Afianzada vivo en una causa que no es mía,
pronombres perdidos, música sin melodía,
abastecida de alimentos incoherentes.
Tejo sendas de ilusión en estos valles,
aluviones de poesía que no me pertenecen.

Alisios errados se acrecientan,
equivocan su destino,
me acarician con su manto de perfidia y lejanía.

¡ Dios mío, dile amén a mi sonrisa ¡

Palabras que no entiendo se cobijan en mi hoguera
y amenazan convertirme en bohemio de cantina,
estupor de fechas inconclusas,
ratas de otras madrigueras.

Envidia de adjetivos acechan mi elocuencia,
ácidos sulfúricos corrosivos que enajenan,
deidades malignas que se esconden en la ausencia.

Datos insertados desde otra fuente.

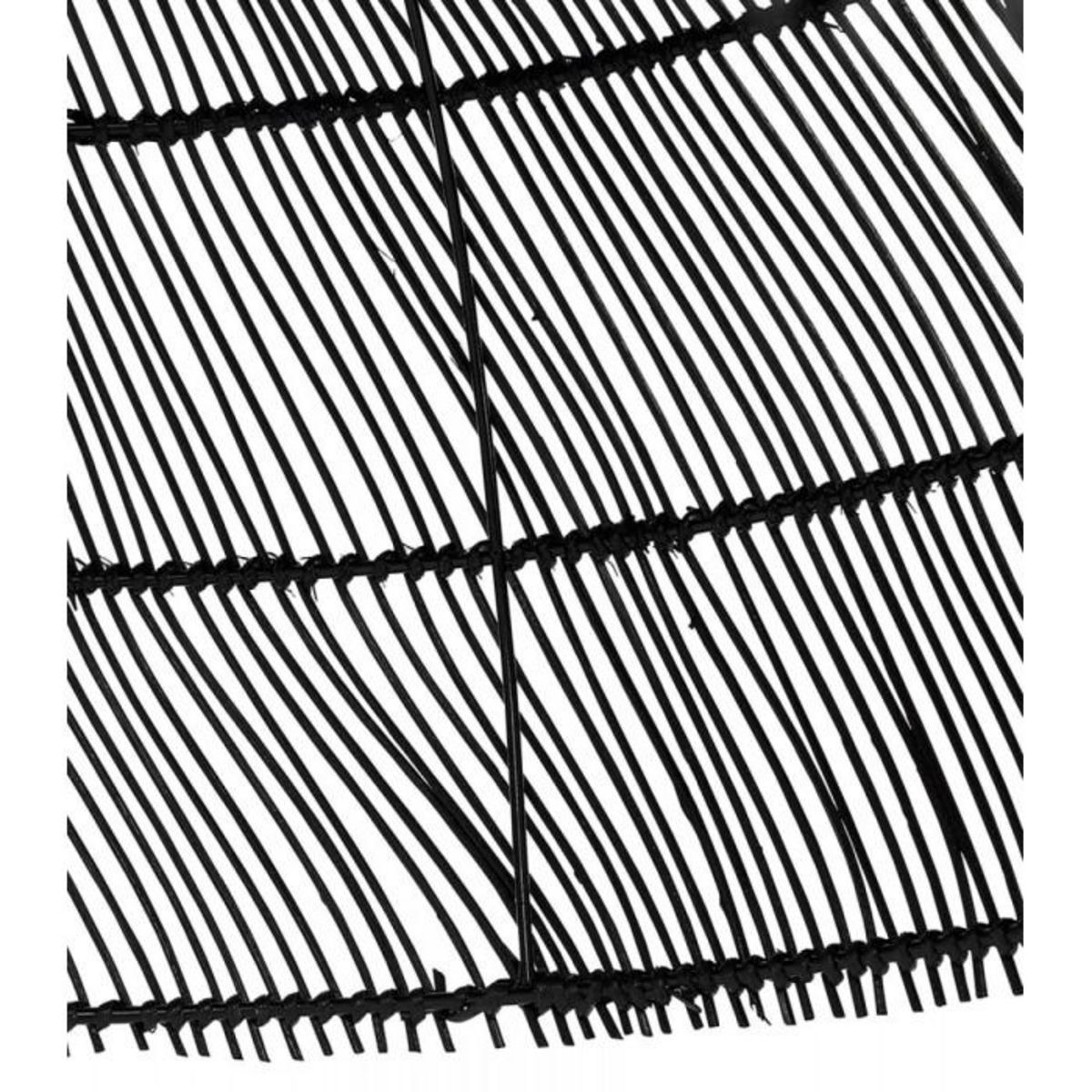 Paris Prix Lampe Suspension en Rotin  Eunice  60cm Noir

¡ Dios mío, perdona al fuego que envenena ¡

Dile al cobarde que me enfrenta que mi miel es infinita,
que la dulzura nunca hará una casa entre sus venas.
Las alas de mi alma no las descose con su emblema.

¡ Reniego del que amorosamente desprende dinamita ¡

1 comentarios:

Jesús Brel dijo...

Poema que narra la fuerza interior,
la reivindicación contra la cobardía...

Ya te encontré, buena amiga,
espero visitarte en otras ocasiones.